Bad enough that Mr. Kerry has become a figure of open ridicule by the Bush campaign, but how can you run a campaign so inept that even George McGovern is making fun of you? Posted by Orrin Judd at May 26, 2004 9:09 AM
Ther is nothing a Democrat can do that is so lame that some dodering liberal icon will not defend it. Case in point. In today's NYTimes Letters To the Editor, the 90 something Arthur Schlesinger Jr. writes:
No doubt concerns about fiscal equity provoked Senator John Kerry to consider postponing his acceptance speech until after the nominating convention (front page, May 22). But in fact such a postponement would constitute a return to a hallowed American tradition.It was Franklin D. Roosevelt who broke with the tradition in 1932 by flying to Chicago and delivering his acceptance address to the convention.

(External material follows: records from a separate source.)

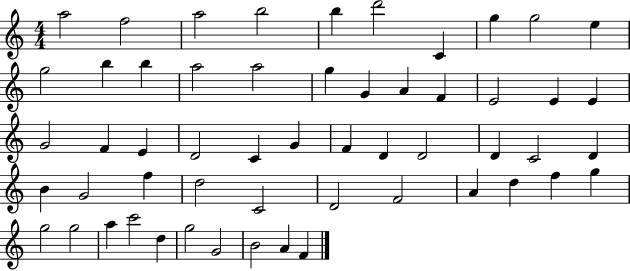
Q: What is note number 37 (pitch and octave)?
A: F5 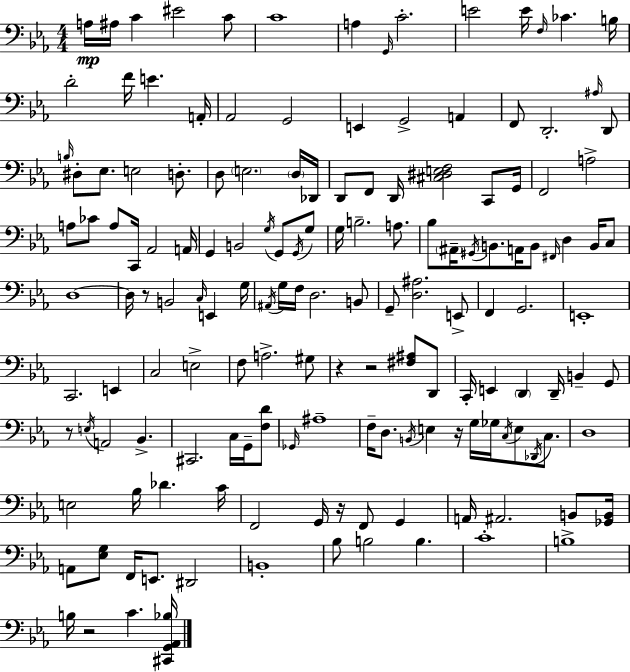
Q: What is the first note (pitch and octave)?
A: A3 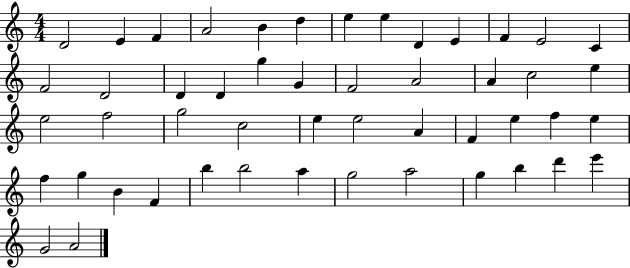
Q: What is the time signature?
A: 4/4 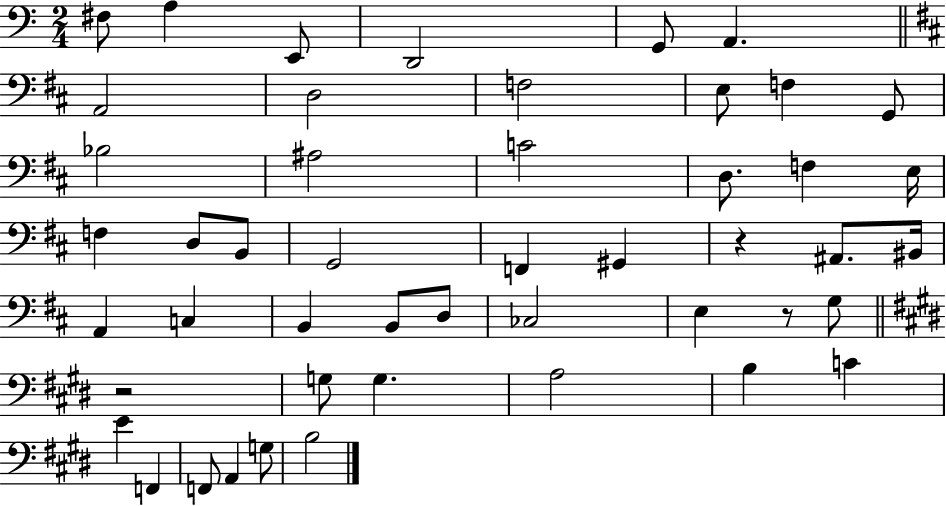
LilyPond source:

{
  \clef bass
  \numericTimeSignature
  \time 2/4
  \key c \major
  fis8 a4 e,8 | d,2 | g,8 a,4. | \bar "||" \break \key d \major a,2 | d2 | f2 | e8 f4 g,8 | \break bes2 | ais2 | c'2 | d8. f4 e16 | \break f4 d8 b,8 | g,2 | f,4 gis,4 | r4 ais,8. bis,16 | \break a,4 c4 | b,4 b,8 d8 | ces2 | e4 r8 g8 | \break \bar "||" \break \key e \major r2 | g8 g4. | a2 | b4 c'4 | \break e'4 f,4 | f,8 a,4 g8 | b2 | \bar "|."
} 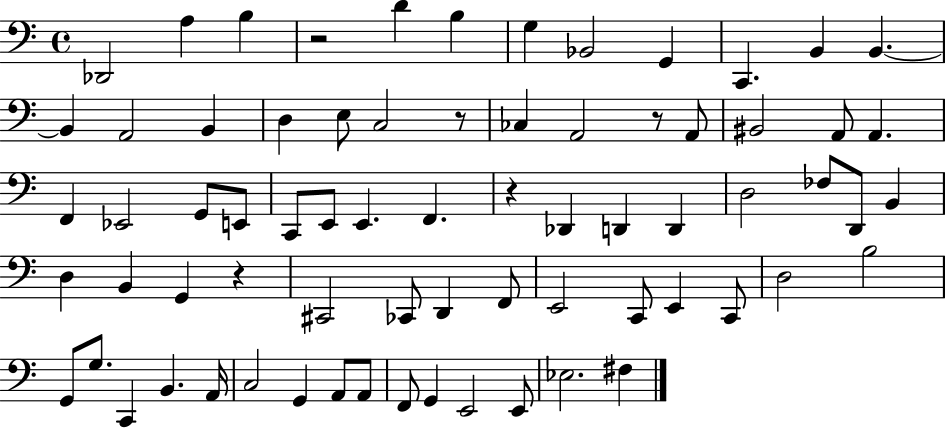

As late as 1940, the Republicans held fast to the tradition. The Republican convention in Philadelphia nominated Wendell L. Willkie on June 27. Mr. Willkie delivered his acceptance speech 52 days later — on Aug. 17 in his hometown, Elwood, Ind.
Critics who decry a delayed acceptance speech display their own ignorance of American history, even of American history within personal memory.
Ah yes, the Wilkie campaign! Of those who personally remember it, how many remember the names of their children?
Posted by: Robert Schwartz at May 26, 2004 1:10 PMJust a small point of interest:
Both Wilkie and his Vice-Presidential running mate died before the 1944 election. Had Wilkie won in 1940, the US would have experienced its first double vacancy in the two highest offices in the land - and in the middle of WWII, too!